Self-management has the potential to reduce the burden of chronic disease — but it needs to be integrated into the health system

The interesting collection of articles in this supplement focuses principally on issues in Australian health care. However, this does not limit its generalisability — the points addressed cover a variety of issues that health care systems around the world are facing, and will face, as they attempt to promote and incorporate self-management approaches within the complex organisational structure of a health care system.

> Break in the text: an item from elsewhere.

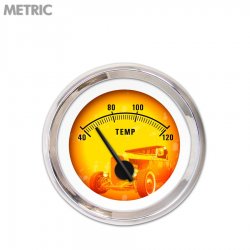 Water Temp Gauge Metric Puma 5 Series, Black Modern Needles, Chrome Trim Rings - Part Number: GAR1111ZMXLABCC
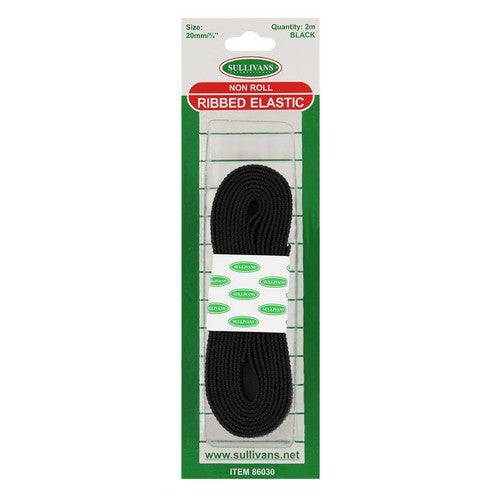 Non Roll Ribbed Elastic Black - Dollars and Sense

Making the case for a need to ensure adequate resources to support those with chronic conditions, Jordan and colleagues argue that although preventive health is important, it needs to be balanced with support for people who have a chronic condition (→ Enhancing patient engagement in chronic disease self-management support initiatives in Australia: the need for an integrated approach).1 To strengthen this point, they provide estimates of the large numbers of people with long-term conditions. Such estimates are subject to a range of methodological issues, such as the validity of self-report compared with doctor diagnosis,2 and varying definitions of chronic disease. Jordan et al define a condition as “chronic” if it lasts 6 months or more, and consequently estimate that 77% of Australians have a long-term condition.1 Regardless of the definition used, it is accepted that a large proportion of the population have at least one long-term condition, and the rate is likely to increase as the population ages, with a consequent increase in cost pressures.3

The organisational issues confronting attempts to mainstream self-management are discussed in a number of the articles in this supplement. Jordan et al emphasise that policymakers need to appreciate that support is not only required at a patient level, but also must be directed towards health care professionals, particularly primary care physicians.1

The importance of primary care is considered in detail by Harris and colleagues, who rightly stress the difficulty of integrating self-management support with primary health care (→ Chronic disease self-management: implementation with and within Australian general practice).4 They highlight that many self-management programs are conducted by services separate to primary care. As a result, these programs have different organisational responsibilities, financial structures and management lines. These factors all militate against the easy integration of self-management into mainstream care. Achieving integration requires new models of practice, which in turn will require new ways of working for health care professionals, who will need specific training in the skills to deliver self-management interventions. The importance of obtaining health care professional “buy-in” to self-management and acceptance of changing roles and practice constitutes possibly the largest impediment to integrating self-management into routine health care.5

Acceptance of self-management revolves around the accumulation of robust evidence to persuade policymakers and health care professionals of its value. Rogers and colleagues examine the evidence for the effectiveness of the Expert Patients Programme in the United Kingdom (→ The United Kingdom Expert Patients Programme: results and implications from a national evaluation),6 which used an adapted version of the Chronic Disease Self-Management Program.7 Rogers et al demonstrate that this program had only limited effectiveness. These data raise the important issue of a program’s ability to transfer from one culture to another and to adapt to differing structures and organisational demands in health services around the world.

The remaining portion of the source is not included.